ちょっと待って! その食事健康法、「病気になるための努力」になってない? 医師が教える「最強の食事」とは?

健康

2017/11/8

『医者が教える食事術 最強の教科書――20万人を診てわかった医学的に正しい食べ方68』(牧田善二/ダイヤモンド社)

 “食欲の秋”を、日々の食事、週末の食イベントなどで楽しんでいる人も多いだろう。もしくは、そんな秋とは背を向け、独自の食事法でウエイトコントロールに励む人がいるかもしれない。いずれにせよ “食事”とは私たちにとって重要な生活の一部だ。
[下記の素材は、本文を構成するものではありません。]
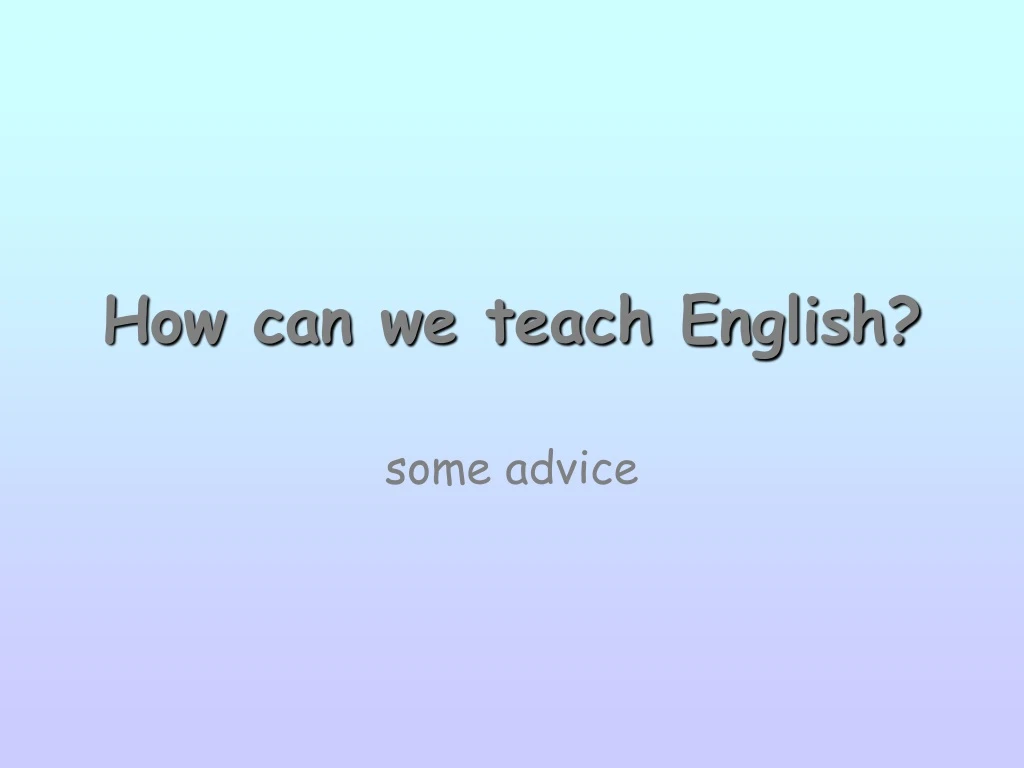 how can we teach english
だから、食に関する話題は、みな関心が高く、情報番組でも取り上げられ、個人的にも、もう何度「○○○ブーム」「×××法」に踊らされてきたことか……。

『医者が教える食事術 最強の教科書――20万人を診てわかった医学的に正しい食べ方68』(牧田善二/ダイヤモンド社)は、糖尿病専門医である著者が、自らの長年の肥満治療や生活習慣病の臨床経験やAGE(終末糖化産物)の研究、そして医学的に積み重ねられたエビデンス(根拠)から導き出した「人体のメカニズムにそった」食事術をまとめている。

「最強の食事」には、まず「血糖値のコントロールが最大のカギである」と著者は説く。私たちの人体の仕組みは、糖質を摂ることにより「血糖値が上がるとセロトニンやドーパミンが放出されて脳が快楽を得る」ようになっているそうだ。その理由は「血糖値が下がりすぎて命を落とさないように」という祖先からの進化によるもの。
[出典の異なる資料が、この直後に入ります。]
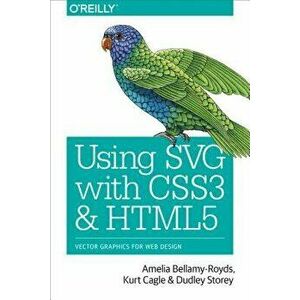 Using Svg with Css3 and Html5: Vector Graphics for Web Design, Paperback - Amelia Bellamy-Royds imagine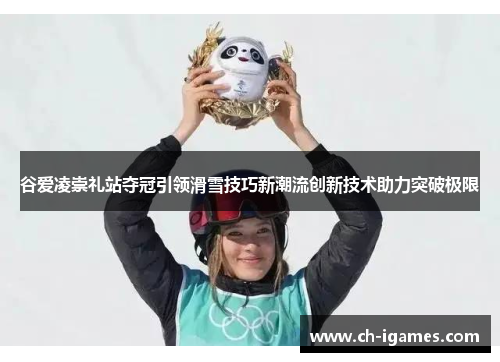 谷爱凌崇礼站夺冠引领滑雪技巧新潮流创新技术助力突破极限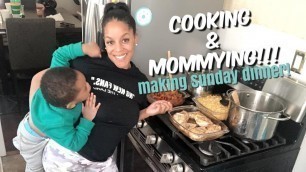 'COOKING & MOMMYING AT THE SAME DANG TIME! | Sunday Soul Food Dinner'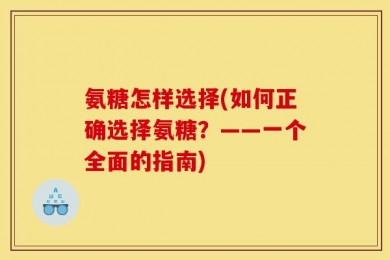 氨糖怎样选择(如何正确选择氨糖？——一个全面的指南)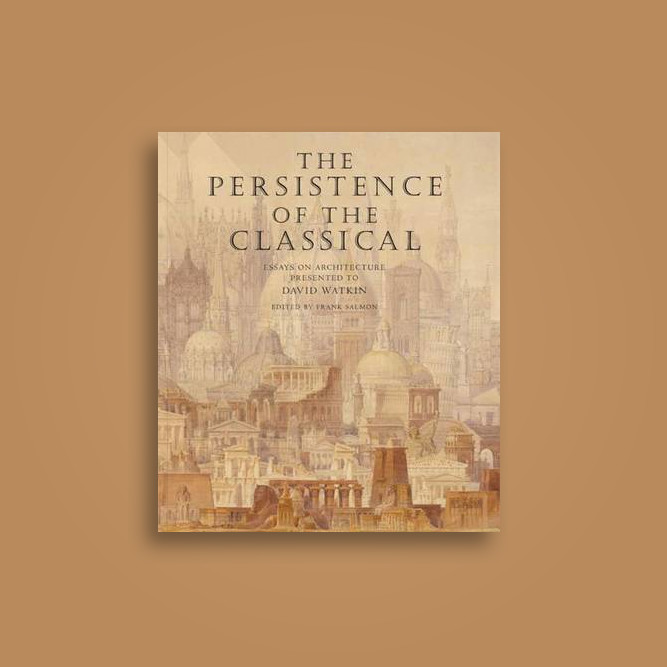 English Short Essays The Persistence Of The Classical Essays On Architecture Presented To David Watkin Essay Thesis Statement also How To Write An Essay For High School The Persistence Of The Classical Essays On Architecture Presented Thesis Statement Analytical Essay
 だが、現代における血糖値の急激な上昇は、人体に重大なダメージを与えることが分かっている。糖質(炭水化物も含む)は、私たちに欠かせないものであると同時に気を付けないと、あっという間に過多になる。例えば、砂糖や果糖を使った飲料の糖質量とは?本書は角砂糖個数での換算量を掲載。暑い時にゴクゴク飲むけれど、一体角砂糖にすると何個溶かしたことになるのか、見てほしい。

 さらに、現代人と糖質について恐ろしい指摘がある。

現代人ときたら、飢えてもいないのに脳の快楽のために糖質をとっています。まさに糖質中毒なのです。
アメリカの国立薬物乱用研究所所長、ノラ・ボルコフ博士は薬物依存研究の第一人者ですが(略)「薬物依存と食べ過ぎはメカニズムが似ている」と指摘しています。どれも、脳が「報酬」を得られるために繰り返す中毒だというわけです。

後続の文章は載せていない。